People living under Stalin knew they were not living ‘normal’ lives, says historian Sheila Fitzpatrick. While every generation in every epoch and locale conceives of itself as living the crucially diverging present of a textbook linear past, the generation that lived under Stalin perhaps could levy the most rightful claim to that distinction. Yet, for as anomalous as the Stalin period was, people somehow adapted. The question, then, is how one of the most ‘historically divergent’ epochs in modern history becomes ‘life as you know it’, that is, how people come to accept Stalinism as their everyday existence. The Whisperers does not answer this question explicitly, but it does reveal the psychology of a nation under the duress of that transformation. In the process, many people lost a proper basis of comparison for what was normal, and this corrupted the entire societal model.

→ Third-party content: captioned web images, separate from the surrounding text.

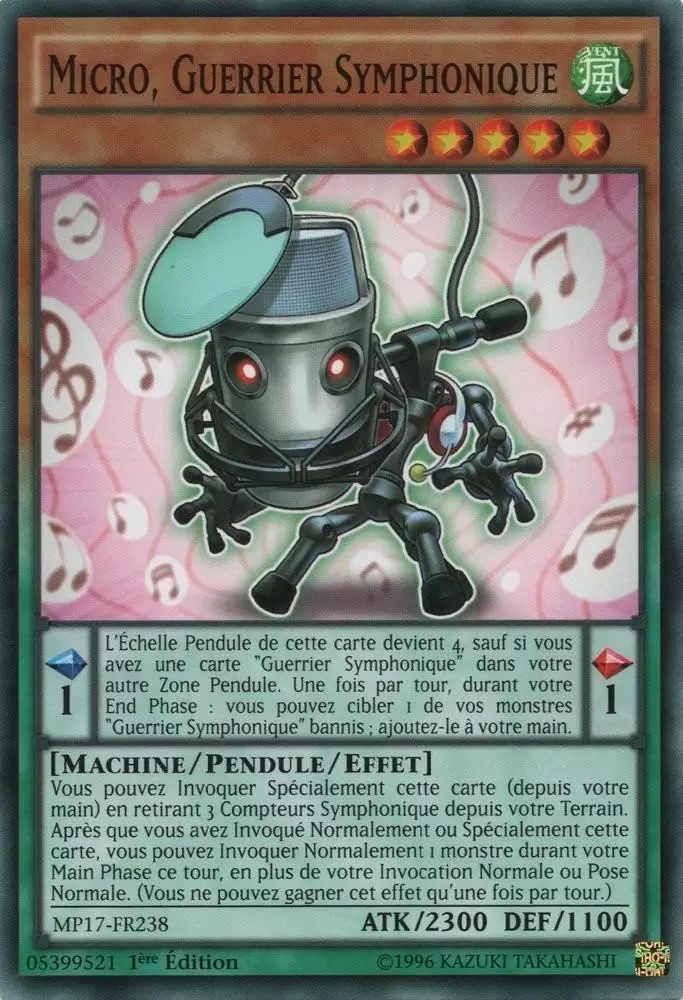 Mega Pack 2017 MP17 - Micro, Guerrier Symphonique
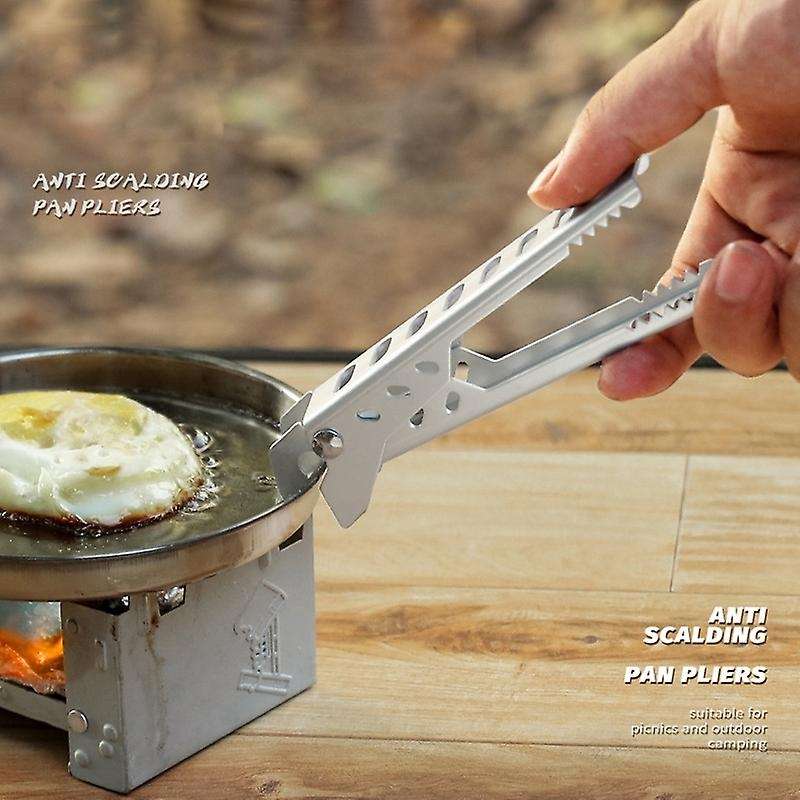 Camping Pot Pan Gripper Bowl Pot Gripper Non-Hot Handle Clip Gripper Clip Tableware Holder for Campi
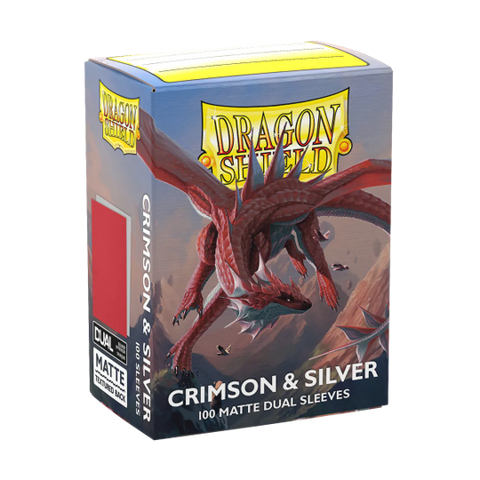 Dragon Shield: Dual Matte - Crimson & Silver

The Stalin era, or perhaps the whole Soviet era, might best be viewed as a rupture, particularly when thinking about how to cope with its legacy. The Stalinist system violently reconfigured normal horizontal relationships into a forced vertical relationship. Experts continue to explore how a combination of time and new governmental systems might recalibrate Russia in a way that will lead to a healthier relationship between state and subject. Some believe it is impossible; others believe it is unnecessary; still others believe Stalin got it right. Regardless of today’s prescriptions for the ailments of Stalinism’s lasting disease, what the stories of The Whisperers make clear is that Stalin’s time is a time worth remembering. It is worth remembering not only as an era of catastrophic loss or sordid power politics, but also as a tragedy of human psychology. Figes’s compilation of memories gives a voice to that tragedy.

Paul Sonne is an MPhil student in Russian and East European studies at New College, Oxford. He is the Senior Non-Fiction Editor of the Oxonian Review of Books.